Brief >> Repeat the full listing below verbatim and keep the images out.

Given data >>
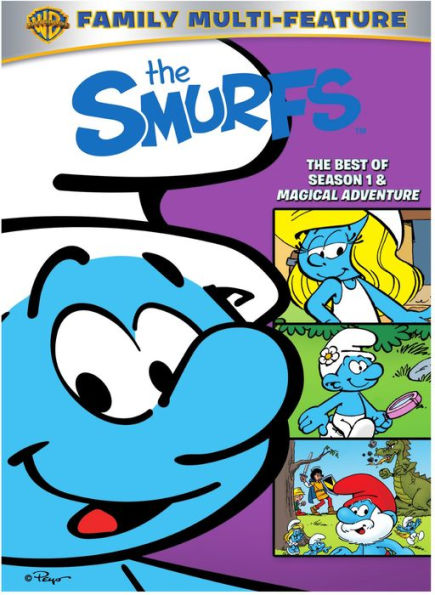 The Smurfs: The Best of Season 1 & Magical Adventure [3 Discs]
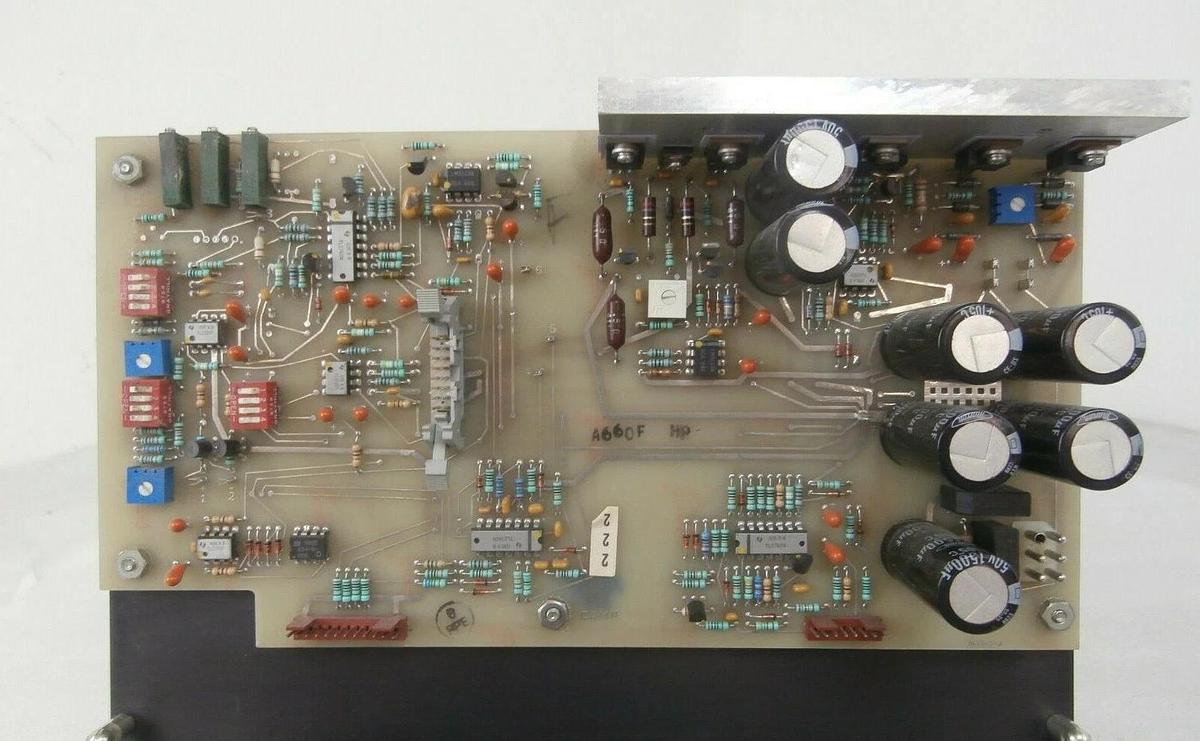 Used General Laser A660F HP CO2 Laser Marker PCB Assembly LMC-2007 LASERMATIC Working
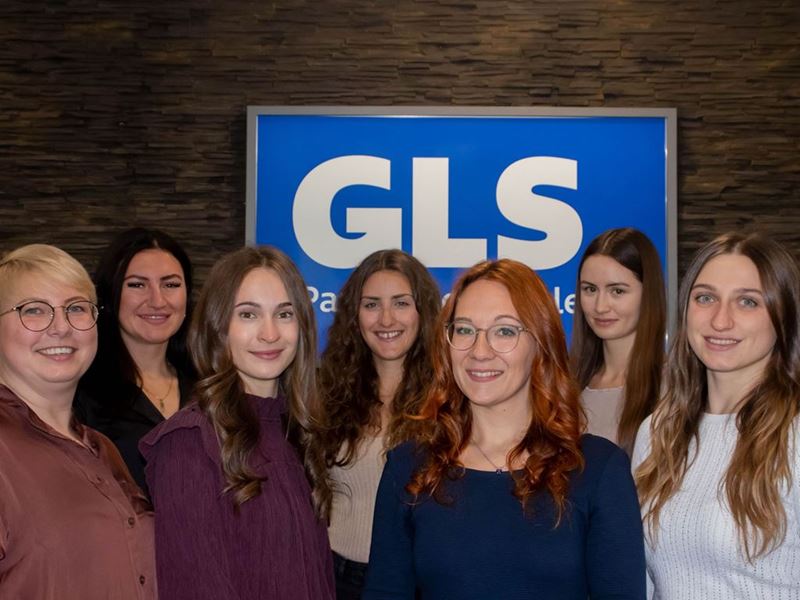 Das Recruiting-Team von GLS Germany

Solved problem >>
 The Smurfs: The Best of Season 1 & Magical Adventure [3 Discs]
 Used General Laser A660F HP CO2 Laser Marker PCB Assembly LMC-2007 LASERMATIC Working
 Das Recruiting-Team von GLS Germany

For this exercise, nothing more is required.